The judge presiding over the case must first agree to the terms of the consent. Only then will the decree become a law. 

In short, the decree dictates that transgender people, under state law, can use public facilities that coordinate with what they believe to be their "gender identities." It doesn't appear that the settlement has any impact on private property owners, but only on public facilities. 

This recent settlement rolls back a bill that claimed all people are required by law, when using public facilities, to use the bathroom that aligns with the biological gender given to them on their birth certificates.

Governor Cooper, a Democrat, claimed that the decree is a major step forward in creating legal protections for transgender people. 

“Earlier this year, I said there was more work to do to protect against discrimination and make North Carolina a welcoming state,” Cooper said. “Today’s executive order and consent decree are important steps toward fighting discrimination and enacting protections throughout state government and across our state.”

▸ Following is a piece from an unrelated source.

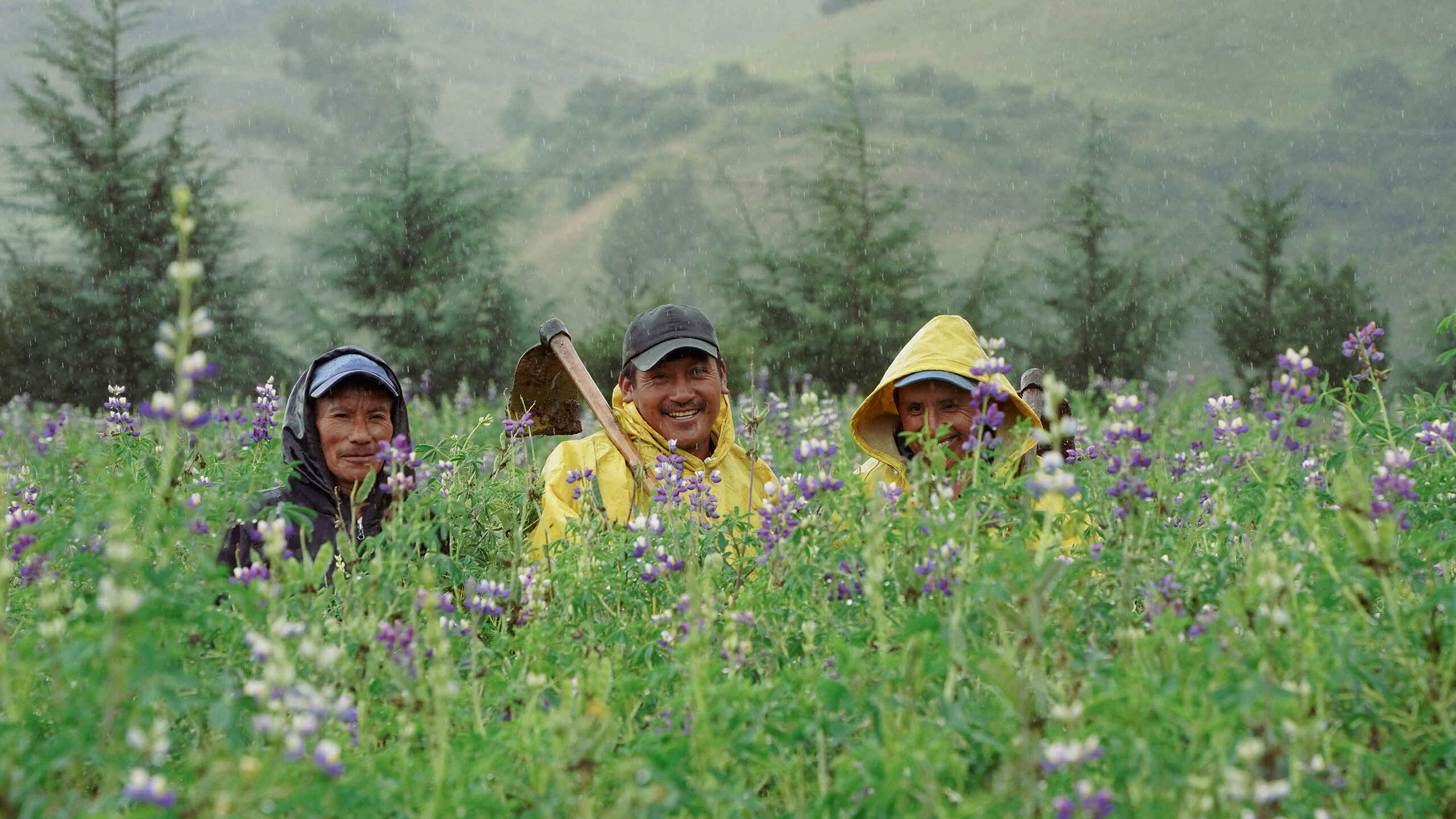 Farmers in rain gear smiling in a wildflower field on a misty hillside.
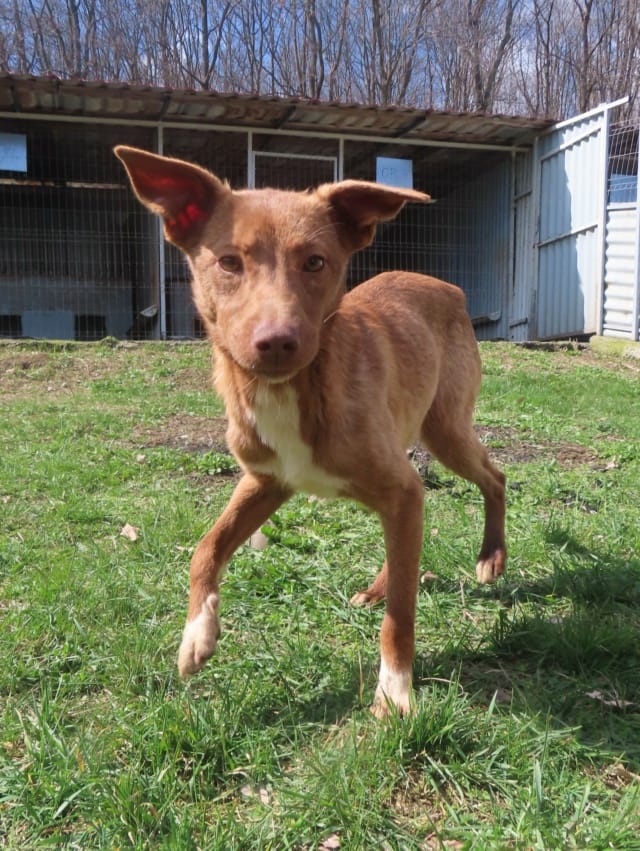 Lipova, rescue dog available for adoption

US News writes that the measure to encourage people to use the bathroom according to their biological gender began in March. Some businesses and sports event pulled from the state in protest in the year after it enacted the "bathroom bill" known as HB 2. Activists said that transgender people are facing "discrimination" and "threats to their safety" under the new law. 

“For too many reasons, it is not in our state’s best interest to remain in drawn-out court battles that still linger because of HB 2,” Cooper, a Democrat, said in a statement, according to US News.

On their website, the ACLU hailed the settlement as a defense of human rights but claim that "attacks on the LGBTQ community" will continue. Many defenders of the bill, however, would say that the ACLU and the so-called the LGBTQ community are a small minority of citizens, forcing a cultural taboo into law and onto a community who by and large oppose it.

"After two years of being attacked by their very own state government, trans North Carolinians are moving closer to obtaining partial victory," reads an article published on the ACLU website.

It continues, "For the past two years, North Carolina lawmakers have prioritized attacks on trans people. Our lives, our bodies, our ability to exist in public have been compromised amidst rhetoric and official policy that falsely and dangerously situates us as inherent threats to the privacy of others."